Uma citação bem a propósito
De uma nação situacionista - é ouvir a apoteose que acolheu Marcelo Caetano no
estádio de Alvalade, semanas antes do 25 de Abril -, passámos para um país
citacionista - basta ouvir os discursos de ontem no Parlamento. "Comecei a ver
há minutos as comemorações na AR e já ouvi citar Shakespeare, Kant, Jaspers,
Habermas, entre outros. Não é por falta de erudição que estamos onde
estamos...", escrevia no seu blogue, a quente, Medeiros Ferreira, uma das poucas
pessoas que conheço capaz de saber quem foram os muitos ontem trazidos aos
discursos.
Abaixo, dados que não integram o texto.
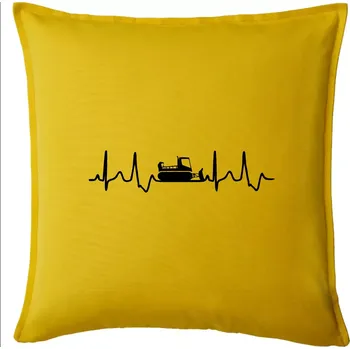 Polštář Ekg rolba - Polštář 50x50 - 50x50 - Pouze potah ( Žlutá )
Citar génios misturados em textos nossos é imprudente: traz o risco
de que seja notório que o bom do discurso não seja nosso e o que é nosso não
seja bom. Dito isto (até a última frase, que citei já não sei de quem), há que
dizer que trazer o Henrique V, de Shakespeare, para o debate político português
(citação feita pelo deputado Carlos Abreu Amorim) foi particularmente oportuno.
Na peça de Shakespeare, como enquadrou o deputado, o rei inglês passeou-se,
embuçado, entre os seus soldados, antes de uma das batalhas da Guerra dos Cem
Anos - quem mandava, Henrique V, queria conhecer quem ia comandar. Claro, o
discurso não apelava para igual truque dos governantes portugueses, mas destapou
uma das feridas mais graves da nossa democracia: por vezes é nauseante ver como
os de cima ignoram tudo sobre os de baixo.